Given the recent history of UKGov IT, if the UK has to “act now” to build something right first time, best not hold your breath.


Quite rightly, the report identifies that to make the most of the vast reserves of data that it identifies the UK holds already, broadband coverage is key.  Apparently the existing government targets for 4G and superfast broadband will be the way to achieve this, but as is well-documented, many people are going to be waiting quite some time for anything approaching broadband.

A recent survey carried out on behalf of the Institute of Engineering and Technology reported that almost half of the UK population identifies superfast broadband as more economically beneficial than extra runways or railways. This supports the calls from technology industry experts to prioritise broadband over transport. Clearly, the research demonstrates that there is an overwhelming importance to be placed on improving connectivity if the future of UKGov is to come close to being realised.


Perhaps surprisingly, considering what an embarrassing muddle has been made of recent UKGov IT projects, the public places its trust in government data systems such as that of the NHS and HMRC, believing it will look after the data and use it responsibly. In a report commissioned by Ernst & Young, UKGov systems came out better for public trust than energy companies, financial institutions and supermarkets. It’s reassuring to see the low level of trust the public places in social media, search engine and mobile apps.

As Jim Killock of the Open Rights Group says,

“People can understand the reason for handing over [data] to their doctor or the tax authorities because of what they get out of the service.”

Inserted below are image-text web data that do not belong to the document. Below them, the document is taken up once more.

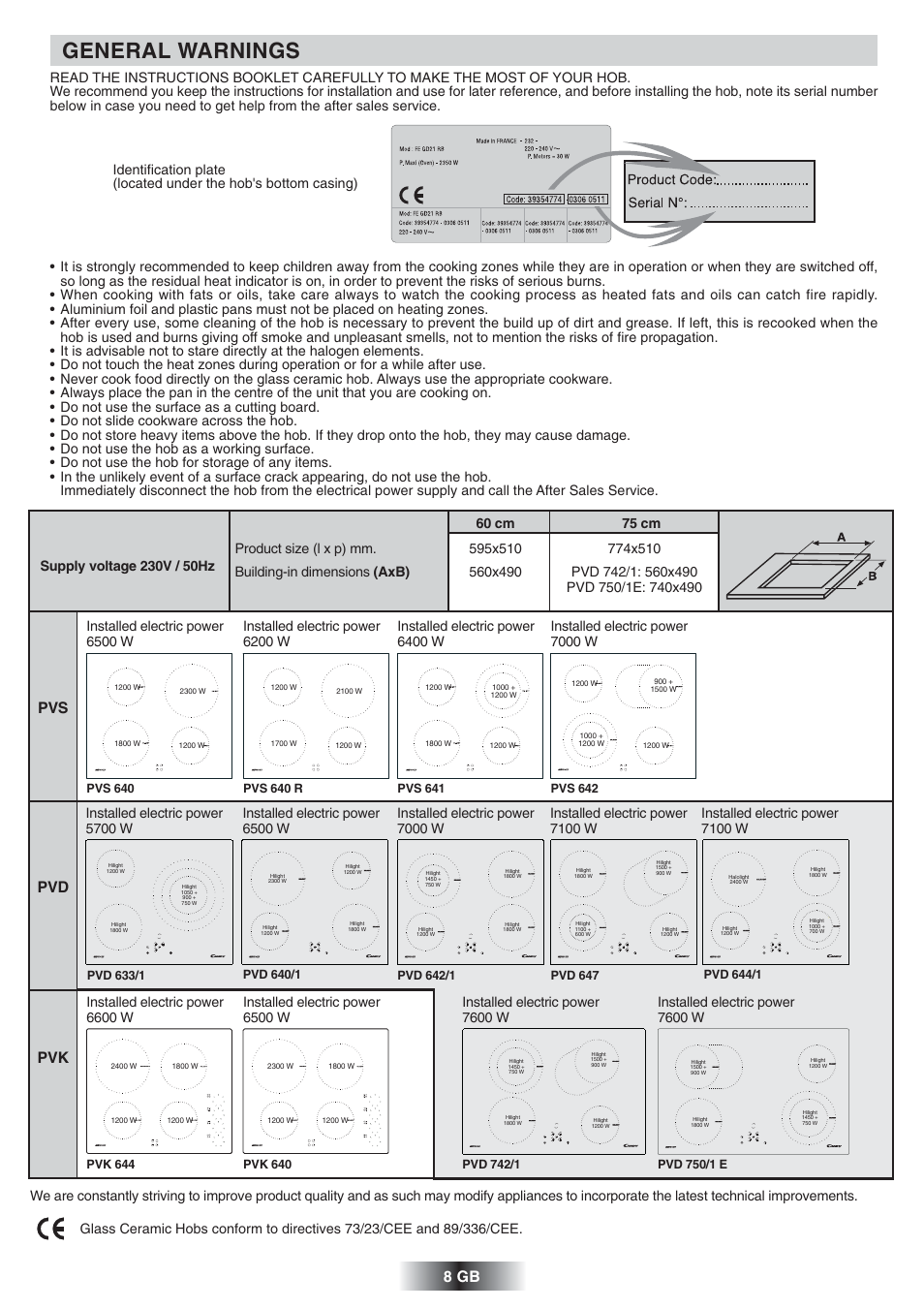 General warnings, 8 gb, Pvs pvd pvk | Halolight, Installed electric power 7600 w | Candy PVD 647 N User Manual | Page 9 / 37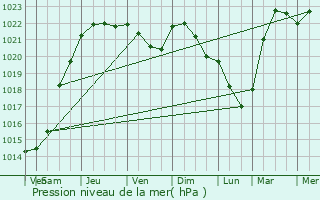 Graphe de la pression atmosphrique prvue pour Noertzange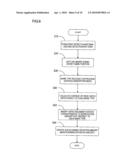 Image Forming Apparatus diagram and image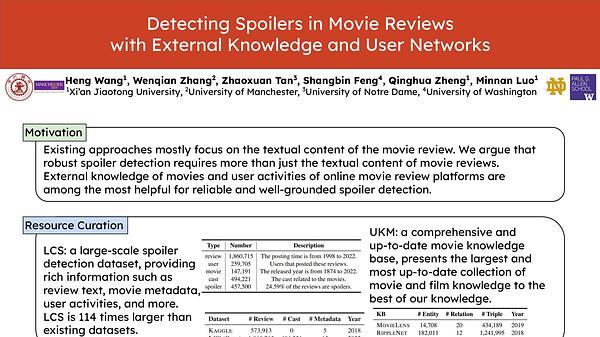 Detecting Spoilers in Movie Reviews with External Movie Knowledge and User Networks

The future of UKGov IT, then, rests in putting into place the infrastructure to use the data it gathers and that is given by a trusting populace that recognises the benefit it will receive from increasingly digitised services. The government should hold fast to the words of the Dept of Business’ report:

“This is a real opportunity for the UK. We have some of the best universities in the world, and some truly innovative small businesses,”

…so let’s hope with fervour that UKGov puts in place what’s needed.